LGBT activists optimistic going into 2011
With the military’s ban on openly gay and lesbian servicemembers on its way to becoming a thing of the past, many LGBT activists’ moods have been deservingly lifted.
As the 111th Congress draws to a close, however, many activists anticipate the hard-fought repeal of
"don’t ask, don’t tell" will quite possibly be the last major LGBT milestone at the federal level until at least after the 2012 presidential election.
Despite the roadblocks ahead, however, activists in many parts of the country have already begun to look within their own state’s borders for opportunities to advance much needed protections in schools, workplaces, housing and relationship recognition for their LGBT constituents. In a bit of a twist on the traditional narrative, action is even expected in many states not typically lauded for their leadership on LGBT issues.
Despite the widely blogged reports of the state’s Republican Party’s platform advocating for criminalizing marriage for same-sex couples earlier this year, Texas activists are hopeful for advances in the coming year, most notably in the area of anti-bullying legislation. While the state’s current laws do not explicitly protect LGBT youth in schools, at least seven bills that would do exactly that have been pre-filed for consideration in the coming legislative session.
A poll released last week found 79.2 percent of respondents back the proposed legislation. More than 75 percent of respondents said they support prohibiting employment and housing discrimination, while 69.7 percent said they back trans-specific measures. And 63 percent of respondents said they support allowing gays and lesbians to enter into civil unions.
"We have found the results to be very encouraging," said Dennis Coleman, executive director of Equality Texas; adding his state is not as backwards as one may perceive-Houston Mayor Annise Parker and Fort Worth City Councilman Joel Burns are among the country’s most visible out legislators. "A lot of positive things have always been happening here in Texas so for us it’s never been a surprise. We definitely see we’re moving in the right direction.
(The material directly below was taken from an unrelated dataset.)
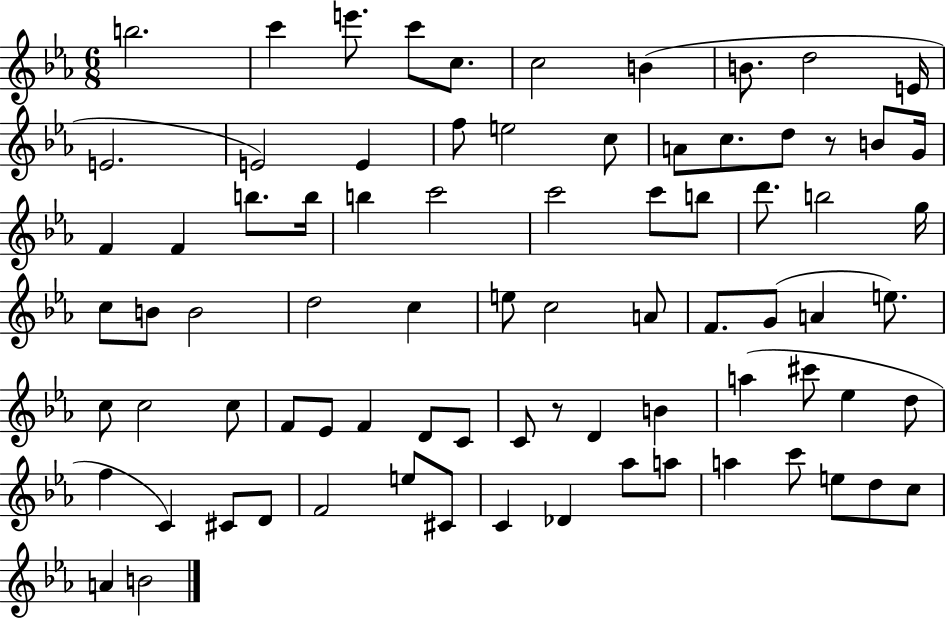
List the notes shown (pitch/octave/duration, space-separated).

B5/h. C6/q E6/e. C6/e C5/e. C5/h B4/q B4/e. D5/h E4/s E4/h. E4/h E4/q F5/e E5/h C5/e A4/e C5/e. D5/e R/e B4/e G4/s F4/q F4/q B5/e. B5/s B5/q C6/h C6/h C6/e B5/e D6/e. B5/h G5/s C5/e B4/e B4/h D5/h C5/q E5/e C5/h A4/e F4/e. G4/e A4/q E5/e. C5/e C5/h C5/e F4/e Eb4/e F4/q D4/e C4/e C4/e R/e D4/q B4/q A5/q C#6/e Eb5/q D5/e F5/q C4/q C#4/e D4/e F4/h E5/e C#4/e C4/q Db4/q Ab5/e A5/e A5/q C6/e E5/e D5/e C5/e A4/q B4/h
There’s a lot of real progress taking place within our state."
Utah activists have adopted a strategy that focuses on employment and housing non-discrimination ordinances. And they have scored victories in Park City and Logan and in Salt Lake and Summit Counties. The state’s heavily influential Church of Latter-Day Saints backed Salt Lake City’s LGBT-inclusive non-discrimination ordinance. And the Salt Lake City School Board voted last month to expand their bullying and hazing policy to specifically include sexual orientation and gender identity.
Brandie Balken, executive director of Equality Utah, hopes to see statewide workplace and housing protections for the state’s LGBT residents by 2012. She vowed to continue her organization’s groundwork of getting those protections and improving school policies for LGBT youth at the municipal and county level.